The wisdom of running chronic budget deficits is much harder to evaluate. It’s well understood that during recessions—when an economy isn’t producing as much as it should be—budget deficits are essential for cushioning an economy. The increased fiscal spending offsets the slump in demand, spurring businesses to hire more and, as incomes rise, to make more stuff. This is, for instance, one reason why the US has fared so much better than Europe in the wake of the global financial crisis.
But you probably don’t want to run big fiscal deficits when the economy is already at full capacity, and pretty much everyone who wants to work has a decent job. In an economy that’s already using all its labor and capital—meaning, there aren’t extra people to hire or idle factories to whir into action—pumping in a bunch of money isn’t going to help it produce more. In this situation, running a fiscal deficit raises two bad possibilities.
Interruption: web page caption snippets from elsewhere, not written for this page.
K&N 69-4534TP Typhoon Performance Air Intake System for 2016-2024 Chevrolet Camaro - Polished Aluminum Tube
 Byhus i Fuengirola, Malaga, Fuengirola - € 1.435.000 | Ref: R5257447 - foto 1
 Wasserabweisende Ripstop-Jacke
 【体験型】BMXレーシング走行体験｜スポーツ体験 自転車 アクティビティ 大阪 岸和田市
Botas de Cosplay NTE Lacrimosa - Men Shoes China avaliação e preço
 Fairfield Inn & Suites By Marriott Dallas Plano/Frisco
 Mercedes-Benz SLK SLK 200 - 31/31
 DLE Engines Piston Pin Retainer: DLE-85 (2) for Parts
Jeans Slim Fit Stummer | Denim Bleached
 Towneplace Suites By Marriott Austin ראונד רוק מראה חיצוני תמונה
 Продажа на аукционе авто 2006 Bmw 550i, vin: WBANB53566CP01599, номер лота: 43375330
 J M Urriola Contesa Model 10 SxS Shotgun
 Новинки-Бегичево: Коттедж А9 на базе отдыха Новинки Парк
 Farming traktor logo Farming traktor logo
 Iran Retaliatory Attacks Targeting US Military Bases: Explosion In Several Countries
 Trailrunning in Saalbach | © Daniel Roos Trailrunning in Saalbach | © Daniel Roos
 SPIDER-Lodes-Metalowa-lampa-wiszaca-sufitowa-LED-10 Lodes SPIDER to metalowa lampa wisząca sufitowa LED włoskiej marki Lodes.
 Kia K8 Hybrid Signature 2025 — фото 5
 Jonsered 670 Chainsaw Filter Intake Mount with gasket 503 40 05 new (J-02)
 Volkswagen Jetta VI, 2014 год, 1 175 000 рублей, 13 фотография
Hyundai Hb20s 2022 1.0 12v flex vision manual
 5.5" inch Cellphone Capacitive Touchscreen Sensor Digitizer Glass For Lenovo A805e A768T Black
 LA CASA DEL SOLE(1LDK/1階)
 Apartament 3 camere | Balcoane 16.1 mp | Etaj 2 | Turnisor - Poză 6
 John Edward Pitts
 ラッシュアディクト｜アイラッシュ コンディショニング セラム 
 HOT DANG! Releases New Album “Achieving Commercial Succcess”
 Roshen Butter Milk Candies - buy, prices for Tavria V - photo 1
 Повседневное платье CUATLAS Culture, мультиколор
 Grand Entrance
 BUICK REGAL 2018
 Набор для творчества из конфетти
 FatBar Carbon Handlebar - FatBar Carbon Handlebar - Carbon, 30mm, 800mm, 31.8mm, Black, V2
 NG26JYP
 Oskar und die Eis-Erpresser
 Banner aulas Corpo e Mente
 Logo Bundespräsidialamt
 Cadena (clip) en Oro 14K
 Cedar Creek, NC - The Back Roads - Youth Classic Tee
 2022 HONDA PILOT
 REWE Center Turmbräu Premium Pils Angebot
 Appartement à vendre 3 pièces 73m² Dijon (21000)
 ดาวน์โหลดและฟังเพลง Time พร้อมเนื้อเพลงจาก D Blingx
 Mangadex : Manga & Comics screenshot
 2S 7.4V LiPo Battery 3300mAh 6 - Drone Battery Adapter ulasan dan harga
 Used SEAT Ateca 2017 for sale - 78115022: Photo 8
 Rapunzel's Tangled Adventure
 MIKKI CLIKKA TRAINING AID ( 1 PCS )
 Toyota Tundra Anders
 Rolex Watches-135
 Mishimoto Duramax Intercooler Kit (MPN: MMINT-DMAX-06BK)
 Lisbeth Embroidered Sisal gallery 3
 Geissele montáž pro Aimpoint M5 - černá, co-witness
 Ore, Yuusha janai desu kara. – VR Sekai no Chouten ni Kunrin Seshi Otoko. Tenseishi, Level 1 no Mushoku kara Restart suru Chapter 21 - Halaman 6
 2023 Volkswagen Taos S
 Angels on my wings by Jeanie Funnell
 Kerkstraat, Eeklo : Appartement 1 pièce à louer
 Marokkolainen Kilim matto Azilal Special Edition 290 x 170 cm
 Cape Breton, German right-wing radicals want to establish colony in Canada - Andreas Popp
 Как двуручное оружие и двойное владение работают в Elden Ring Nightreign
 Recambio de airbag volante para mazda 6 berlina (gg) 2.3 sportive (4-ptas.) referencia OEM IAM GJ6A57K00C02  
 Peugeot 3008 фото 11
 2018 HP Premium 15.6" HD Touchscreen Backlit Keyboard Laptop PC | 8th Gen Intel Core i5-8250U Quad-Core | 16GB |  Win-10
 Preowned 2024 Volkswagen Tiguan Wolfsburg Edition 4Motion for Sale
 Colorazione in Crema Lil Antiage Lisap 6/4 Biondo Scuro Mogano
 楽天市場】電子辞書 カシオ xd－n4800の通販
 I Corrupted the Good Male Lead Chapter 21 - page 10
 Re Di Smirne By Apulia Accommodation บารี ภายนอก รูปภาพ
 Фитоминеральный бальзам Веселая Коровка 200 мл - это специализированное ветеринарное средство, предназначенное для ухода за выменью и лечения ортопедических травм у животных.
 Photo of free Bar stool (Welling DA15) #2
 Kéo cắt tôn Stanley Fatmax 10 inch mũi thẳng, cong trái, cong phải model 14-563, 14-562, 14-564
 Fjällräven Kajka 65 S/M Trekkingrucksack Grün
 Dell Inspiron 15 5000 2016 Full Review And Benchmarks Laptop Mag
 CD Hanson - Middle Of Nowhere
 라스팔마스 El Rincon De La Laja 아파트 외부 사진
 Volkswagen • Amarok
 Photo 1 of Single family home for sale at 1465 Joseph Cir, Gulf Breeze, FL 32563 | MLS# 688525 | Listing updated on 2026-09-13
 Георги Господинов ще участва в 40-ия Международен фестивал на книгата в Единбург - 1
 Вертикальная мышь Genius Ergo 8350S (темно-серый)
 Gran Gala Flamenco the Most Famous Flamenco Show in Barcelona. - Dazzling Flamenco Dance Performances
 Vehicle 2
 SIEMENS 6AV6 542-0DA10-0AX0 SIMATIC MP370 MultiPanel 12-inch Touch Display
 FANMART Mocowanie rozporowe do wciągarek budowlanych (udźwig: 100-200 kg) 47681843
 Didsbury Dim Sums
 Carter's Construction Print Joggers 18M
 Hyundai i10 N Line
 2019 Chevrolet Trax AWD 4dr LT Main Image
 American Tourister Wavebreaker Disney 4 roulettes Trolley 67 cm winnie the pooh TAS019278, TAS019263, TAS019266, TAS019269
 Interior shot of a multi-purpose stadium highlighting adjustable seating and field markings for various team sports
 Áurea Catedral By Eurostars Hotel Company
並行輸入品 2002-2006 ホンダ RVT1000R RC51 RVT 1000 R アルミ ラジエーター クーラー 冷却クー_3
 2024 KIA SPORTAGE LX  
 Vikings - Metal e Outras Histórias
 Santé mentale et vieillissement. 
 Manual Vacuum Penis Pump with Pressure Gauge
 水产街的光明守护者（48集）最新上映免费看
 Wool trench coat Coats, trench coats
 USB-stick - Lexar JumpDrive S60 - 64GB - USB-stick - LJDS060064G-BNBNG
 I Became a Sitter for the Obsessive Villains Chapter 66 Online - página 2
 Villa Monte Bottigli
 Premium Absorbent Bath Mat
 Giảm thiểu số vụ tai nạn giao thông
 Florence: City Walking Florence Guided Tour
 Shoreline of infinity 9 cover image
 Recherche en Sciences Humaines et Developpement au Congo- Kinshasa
First, as the government borrows to fund the stimulus, it could push up interest rates, “crowding out” business investment. There’s no real evidence of that happening in the US.
Second, the budget deficit could widen the trade deficit: Since the economy is already operating at full tilt, extra spending can only be satisfied with imports.
That’s what seems to happening in the US right now.
Rising interest rates
The budget deficit will mushroom to around 4.5% of GDP over the next two years, according to Oren Klachkin, lead economist at Oxford Economics, a research firm associated with the eponymous university. And that will force an increase in the current account deficit to more than 3%—the first time it’s hit that level in a decade.
“The twin deficits signal there are rising macro fundamental vulnerabilities” that “are set to become more glaring,” says Klachkin.
Like what?
A chief concern about the terrible twins is what they imply about America’s need to borrow more from foreigners, says Menzie Chinn, an economics professor at the University of Wisconsin who worked on the White House Council of Economic Advisers from 2000 to 2001.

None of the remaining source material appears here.